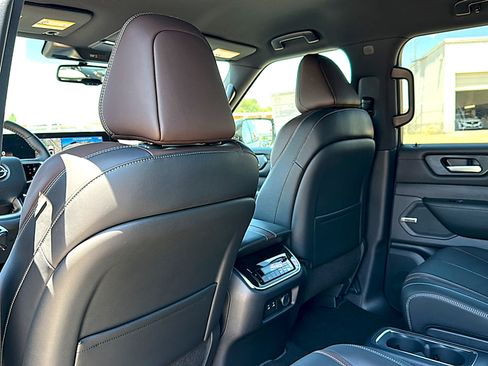 New 2026 Nissan Armada SL w/ Captain's Chari Seat Package AWD/4WD image 14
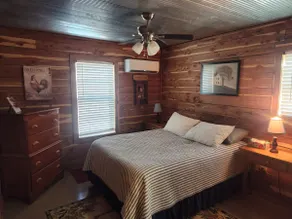 Cabin on the hill - Image 2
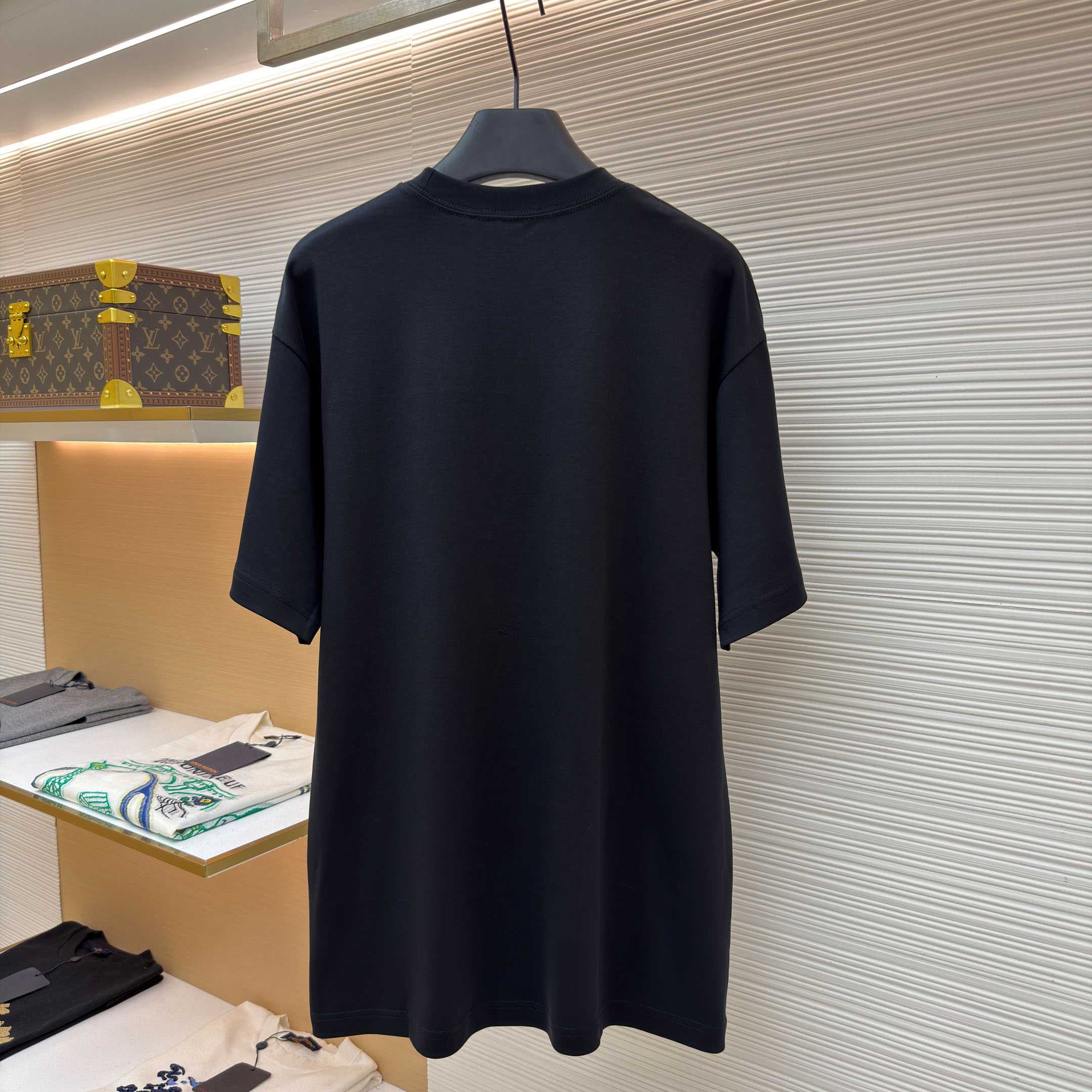  Dior T-Shirt With Embroidery - FashionPlug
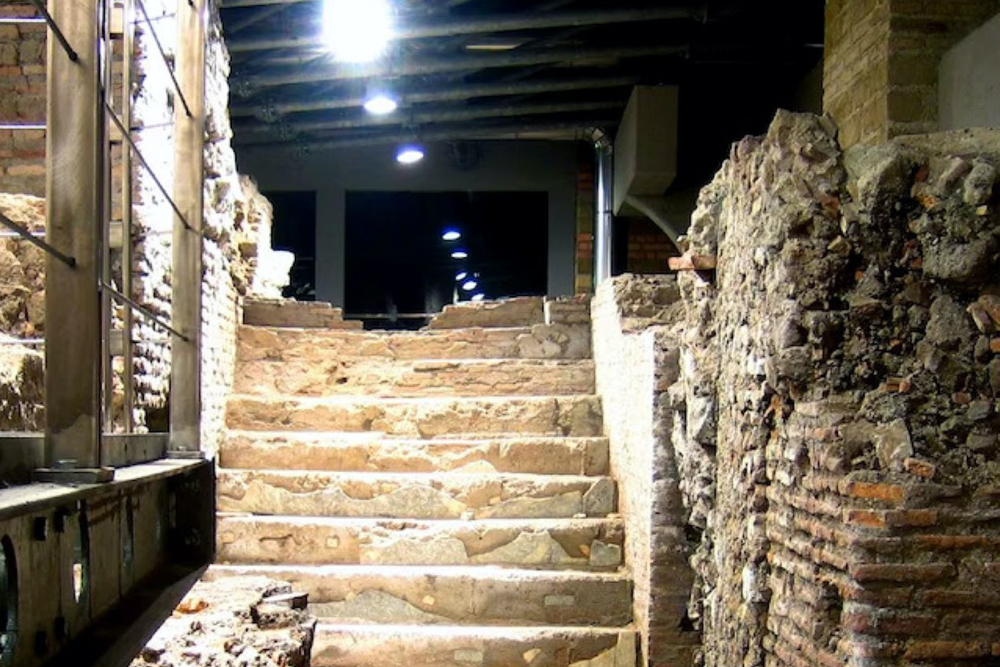 Trevi District Underground Ticket in Rome - Discover ancient ruins beneath the city with the Trevi District Underground ticket in Rome. Explore hidden passageways, an imperial Domus, and the historic Virgin Aqueduct. View preserved structures, artifacts, and artworks just steps from the Trevi Fountain. Book your Trevi District Underground ticket in Rome for a unique archaeological experience. Trevi District Underground Ticket in Rome - Image 5 of 5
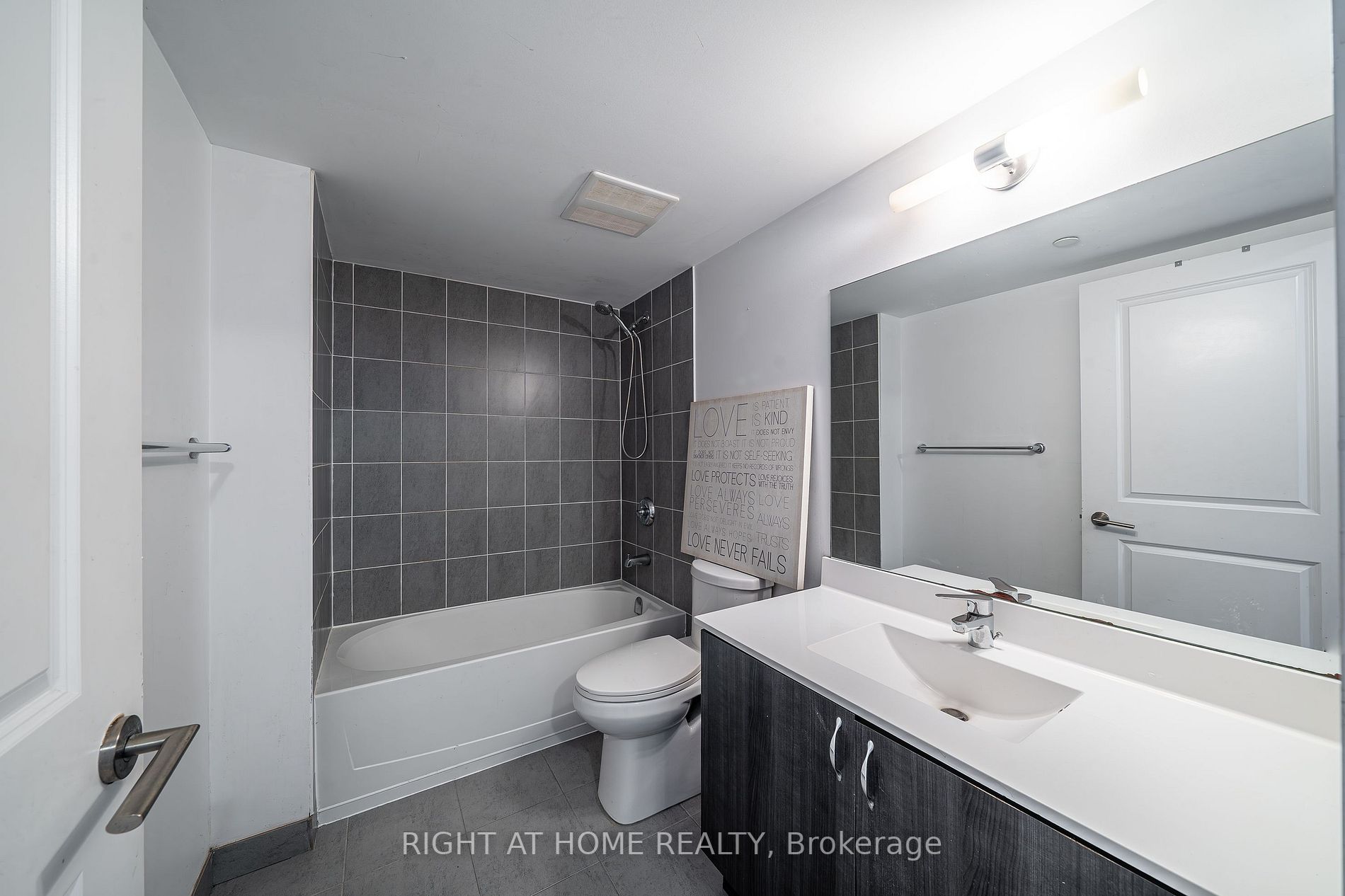 1215 Bayly St, #708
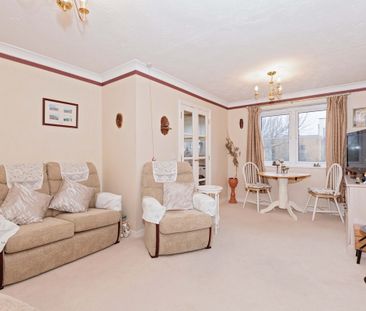 Beachville Court Brighton Road, Lancing, BN15 - Photo 2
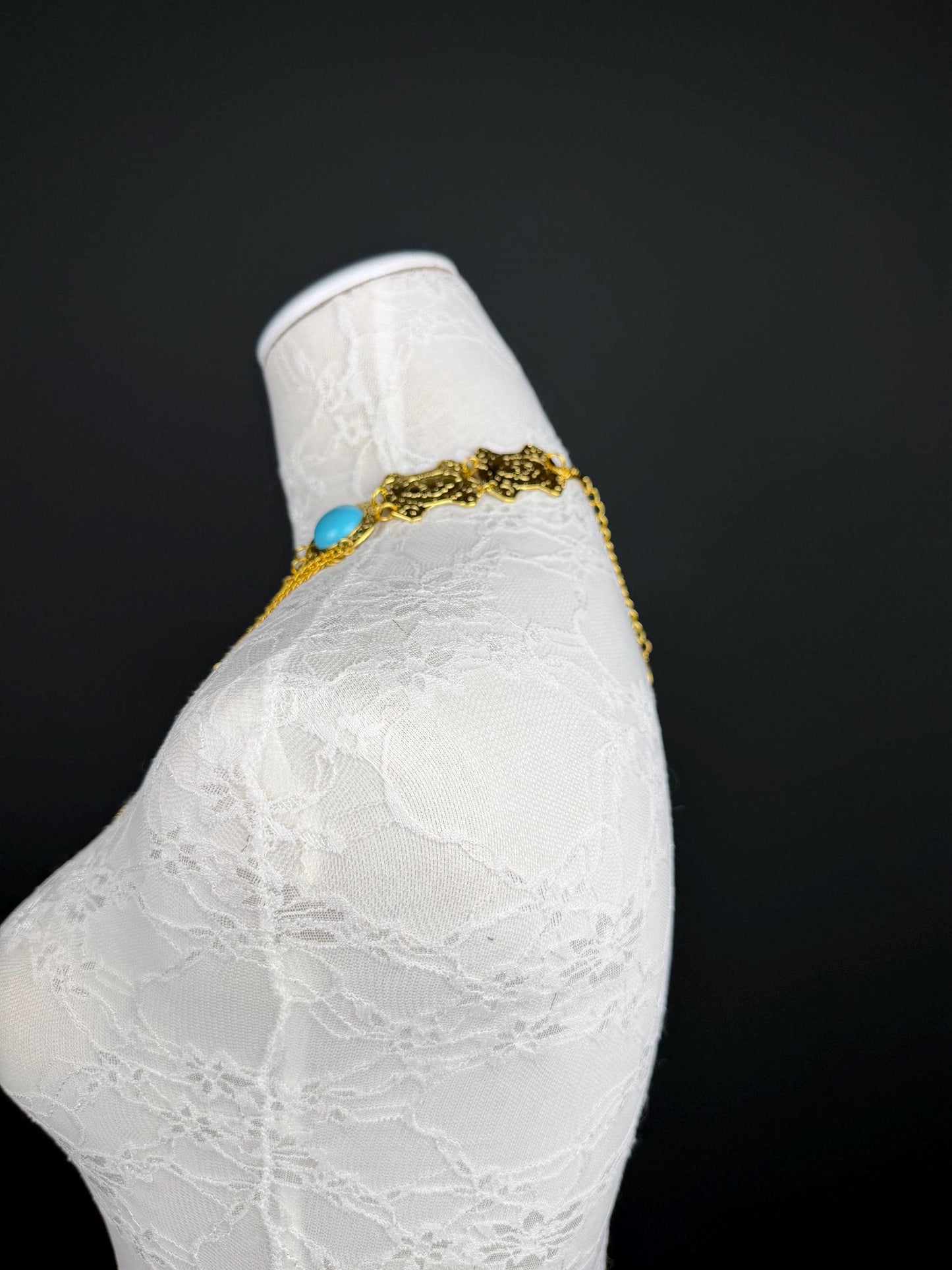 Necklace, Vintage Style, Antique Gold, Blue stone necklace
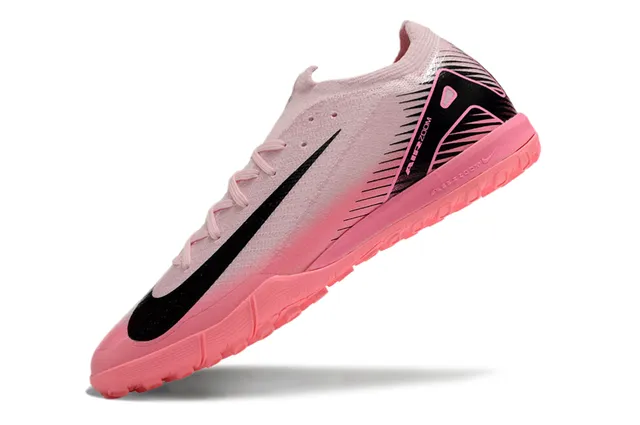 Nike Zapatillas de fútbol de césped con upper de knit rosa y negro, ajuste sock-fit, gradient fade 3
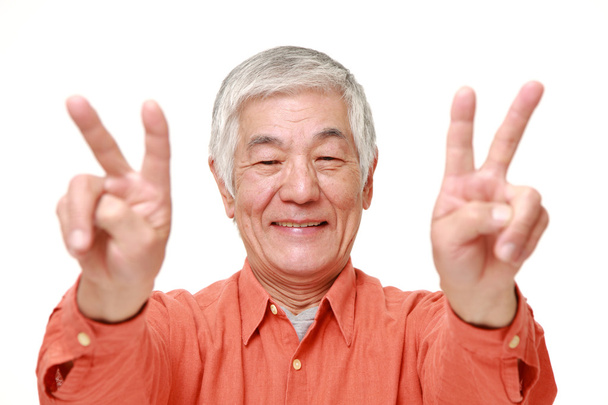 senior Japanese man showing a victory sign - Foto, Bild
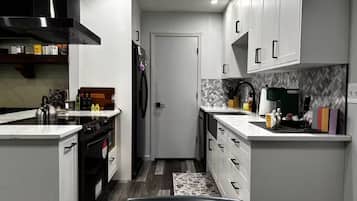 Fridge, oven, stovetop, dishwasher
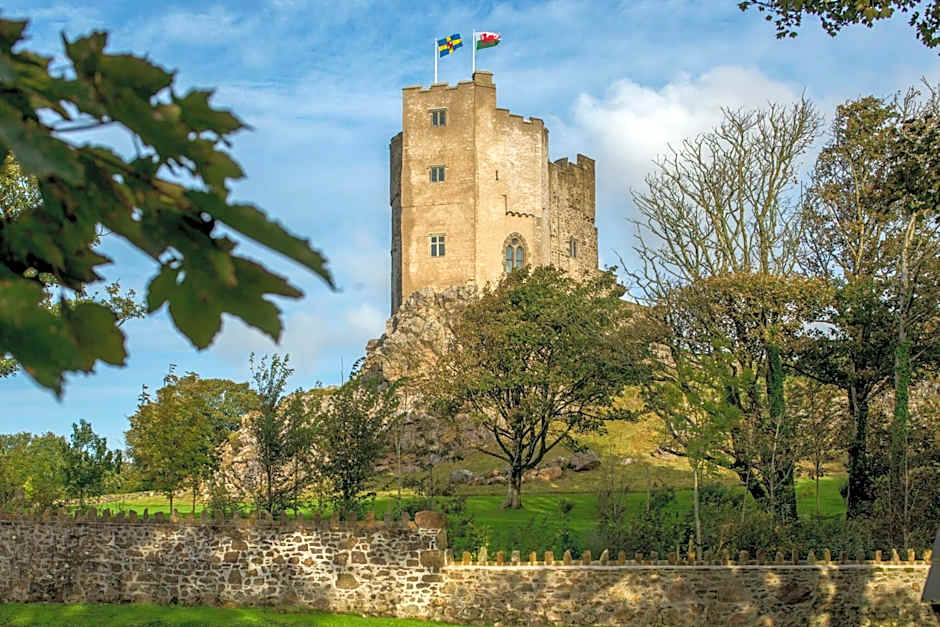 Roch Castle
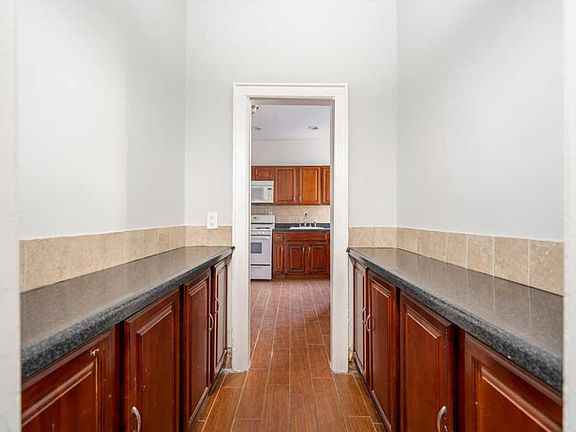 4th image of 107 Kensington Ave APT 303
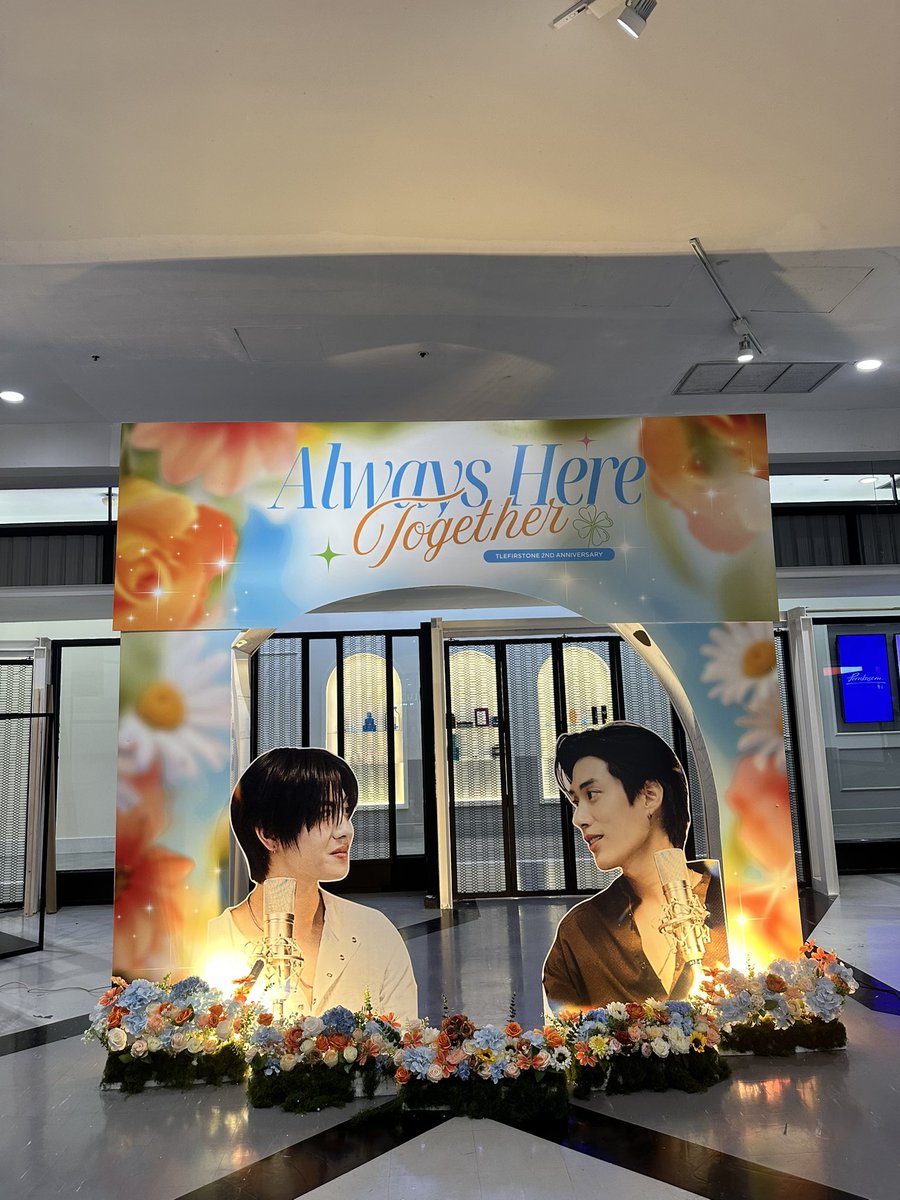 Pro printing กรอบแคนวาส สแตนดี้ ป้ายฟิวเจอร์บอร์ด tweet media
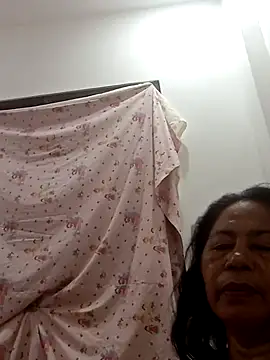 Snapshot of Maleta56 chatting on May 8, 2026, 2:22 pm Maleta56 online show from May 8, 2026, 2:22 pm
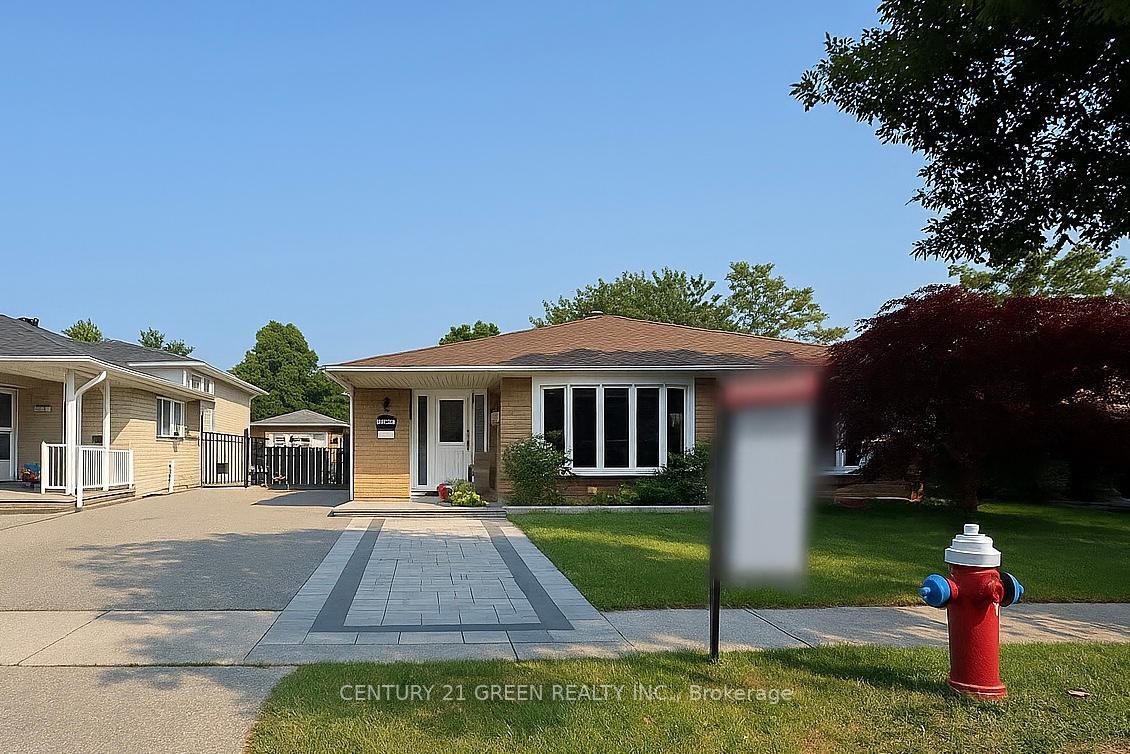 Property Photo: 1891 Silverberry Crescent ON L5J 1C8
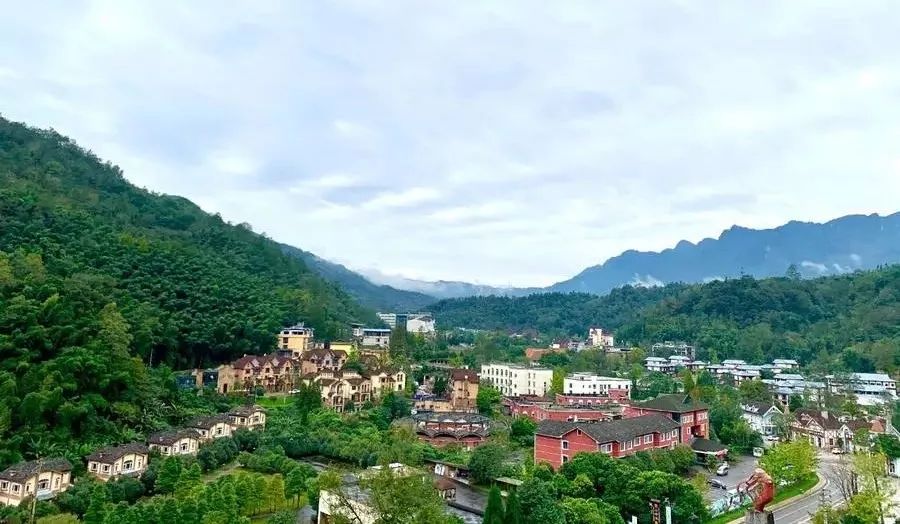 成都2天来回的温泉推荐，彩林雪景青山绿水，美成仙境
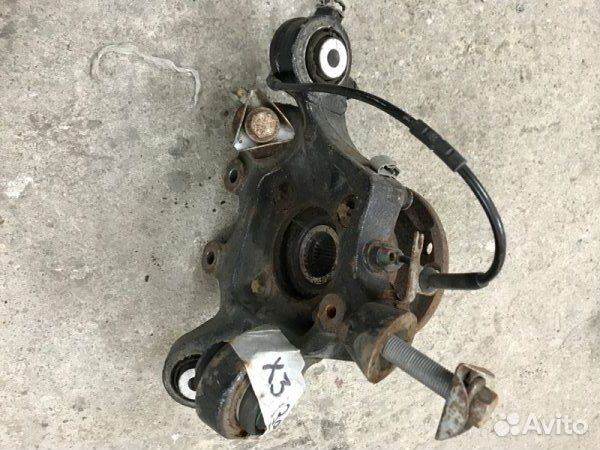 Кулак поворотный задний правый Bmw X3 F25 2.0 2015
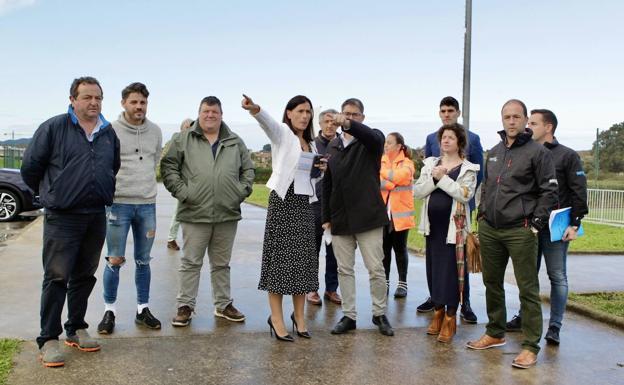 La alcaldesa Gema Igual visitó este miércoles wel complejo deportivo de San Román, donde se construirá el campo de fútbol 8.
════════
### AIM OF THE EXERCISE
Exactly reproduce the lines above, starting at the one that contains "Necklace, Vintage Style, Antique" and ending at the one that contains "Кулак поворотный задний", both inclusive; leave the pictures out and add no other lines.

### COMPLETED TASK
 Necklace, Vintage Style, Antique Gold, Blue stone necklace
 Nike Zapatillas de fútbol de césped con upper de knit rosa y negro, ajuste sock-fit, gradient fade 3
 senior Japanese man showing a victory sign - Foto, Bild
 Fridge, oven, stovetop, dishwasher
 Roch Castle
 4th image of 107 Kensington Ave APT 303
 Pro printing กรอบแคนวาส สแตนดี้ ป้ายฟิวเจอร์บอร์ด tweet media
 Snapshot of Maleta56 chatting on May 8, 2026, 2:22 pm Maleta56 online show from May 8, 2026, 2:22 pm
 Property Photo: 1891 Silverberry Crescent ON L5J 1C8
 成都2天来回的温泉推荐，彩林雪景青山绿水，美成仙境
 Кулак поворотный задний правый Bmw X3 F25 2.0 2015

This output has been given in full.